La dépendance à un point de défaillance unique est le risque le plus immédiat. Des millions de professionnels, d'étudiants et d'entreprises traitent désormais ChatGPT comme un outil quotidien essentiel. Quand il s'arrête, les flux de travail qui dépendent de ses modèles, de sa fenêtre de contexte et de ses intégrations s'interrompent net. Il n'existe aucun plan de secours universel .
L'instabilité chronique est un fait documenté, pas une simple douleur de croissance. Les métriques officielles d'OpenAI affichent 99,83 % de disponibilité pour ChatGPT et 99,98 % pour les API sur la période mars-juin 2026, mais ces chiffres masquent la réalité : quand les pannes surviennent, elles sont souvent globales, prolongées ou groupées . Pour un service qui fonctionne de plus en plus comme un service public de la connaissance, un taux de disponibilité inférieur aux fameux « quatre neufs » (99,99 %) ou « cinq neufs » (99,999 %) attendus des infrastructures critiques laisse les utilisateurs exposés.

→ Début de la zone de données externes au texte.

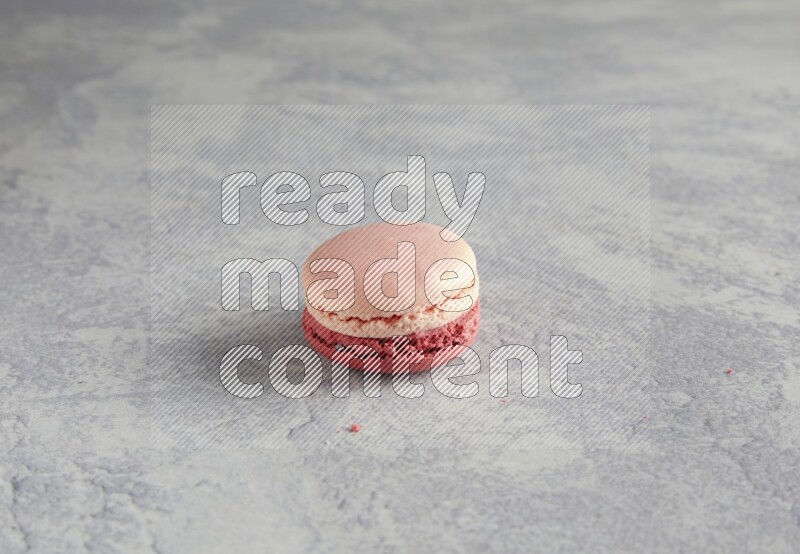 45º Shot of Pink Litchi Raspberry macaron on white  marble background
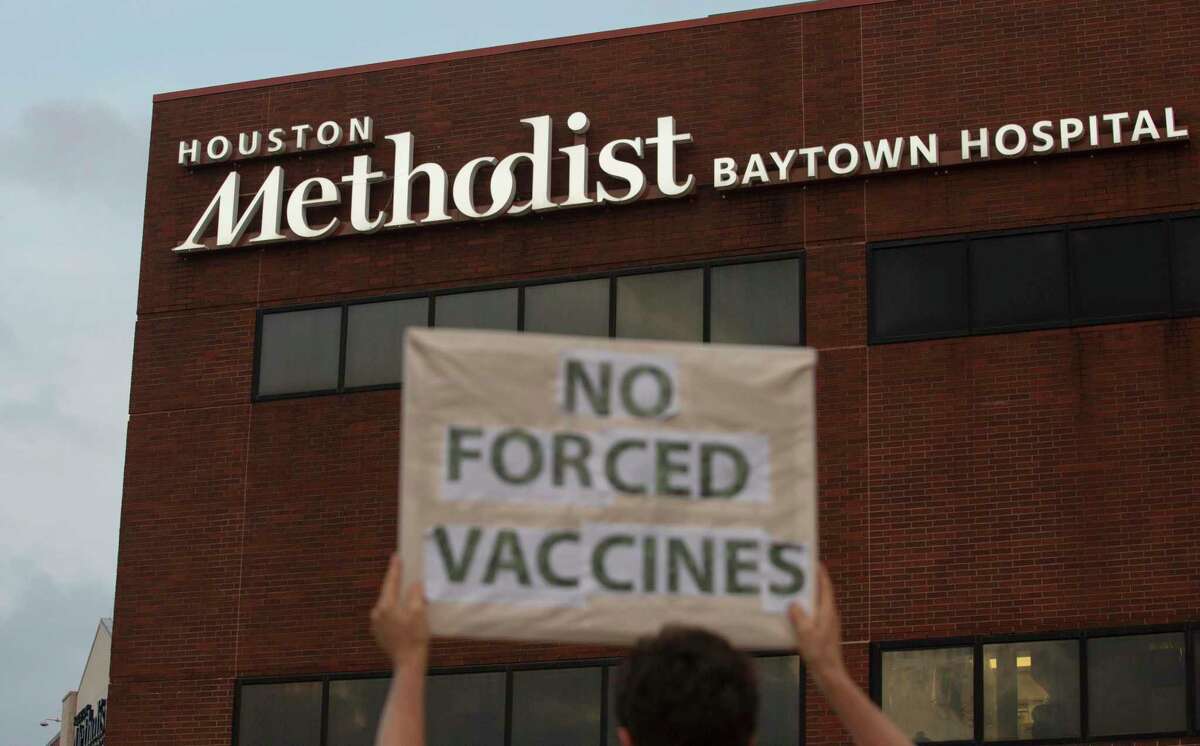 FILE - In this June 7, 2021, file photo, a person holds a sign to protest at Houston Methodist Hospital in Baytown, Texas, a policy that says hospital employees must get vaccinated against COVID-19 or lose their jobs. A federal judge dismissed their lawsuit, saying if workers don’t like the rule, they can go find another job. (Yi-Chin Lee/Houston Chronicle via AP, File)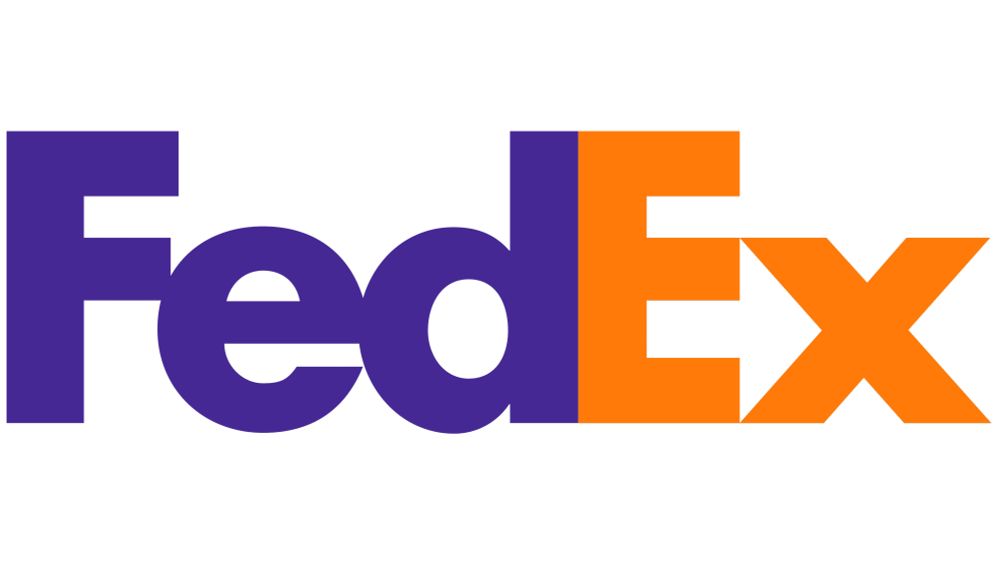 FedEx logo. There’s an arrow between the E and x. 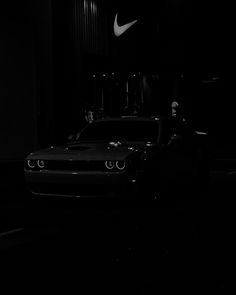 a black and white photo of a car in the dark with a person standing next to it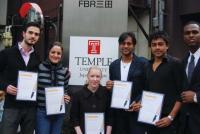 The winning team with their certificates and classmate Dollar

Le manque de transparence aggrave le problème. OpenAI ne divulgue que rarement les causes précises en temps réel. Durant la panne du 5 juin, aucun communiqué formel n'a été émis pendant l'incident . Lorsque des rapports post-incident sont publiés, ils n'apparaissent qu'après les événements les plus graves. Par exemple, une panne de 4 heures et 10 minutes en décembre 2024 a été attribuée a posteriori à un changement de configuration apparemment mineur qui a privé les ingénieurs de tout accès aux contrôles critiques
. La perturbation de décembre 2025 a été imputée à une erreur de configuration de routage
. Ces détails sont cruciaux pour les entreprises qui évaluent leur exposition au risque, mais ils arrivent trop tard pour éclairer les décisions opérationnelles.
La contagion via les infrastructures partagées est un risque souvent ignoré… jusqu'à ce qu'il se matérialise. La panne Cloudflare de novembre 2025 a prouvé que la fiabilité de ChatGPT n'est pas uniquement un problème OpenAI. Quand un fournisseur critique d'infrastructure Internet tombe, tous les services d'IA centralisée qui reposent sur cette couche peuvent s'effondrer simultanément. ChatGPT, X, Canva et les services Yahoo se sont tous arrêtés en même temps . Cette interdépendance rend l'écosystème de l'IA bien plus fragile que ne le suggèrent les seuls chiffres de disponibilité des fournisseurs individuels.
Les abonnements payants n'offrent aucune protection réelle. Les abonnés à ChatGPT Plus, qui paient environ 20 euros par mois, subissent les mêmes pannes que les utilisateurs gratuits. Lors de la panne de juin 2025, tous les niveaux de service étaient bloqués de manière indiscriminée à travers les continents . Pour les entreprises qui envisagent des contrats professionnels, l'absence de fiabilité différenciée au niveau grand public soulève des questions légitimes sur les véritables garanties de service.
L'enfermement sans redondance constitue le risque structurel ultime. Il est impossible de basculer vers un service d'IA équivalent en pleine panne, car chaque plateforme propose des capacités uniques, des GPT personnalisés, des historiques de conversation et des intégrations spécifiques. Les frictions liées à un changement, même temporaire, sont si élevées que la plupart des utilisateurs préfèrent attendre la fin de la panne plutôt que de rediriger leur travail. C'est la pire des configurations : une dépendance critique sans mécanisme de bascule effectif.
Tous ces incidents pointent vers une période de transition que l'industrie de l'IA n'a pas encore dépassée. L'architecture centralisée, dépendante du cloud, reste le modèle dominant pour les modèles d'IA de pointe. Mais chaque panne majeure renforce le plaidoyer en faveur d'alternatives plus distribuées, interopérables et capables de fonctionner hors ligne. D'ici là, la fiabilité des outils d'IA les plus avancés du monde continuera de dépendre d'une poignée de serveurs qui doivent rester allumés.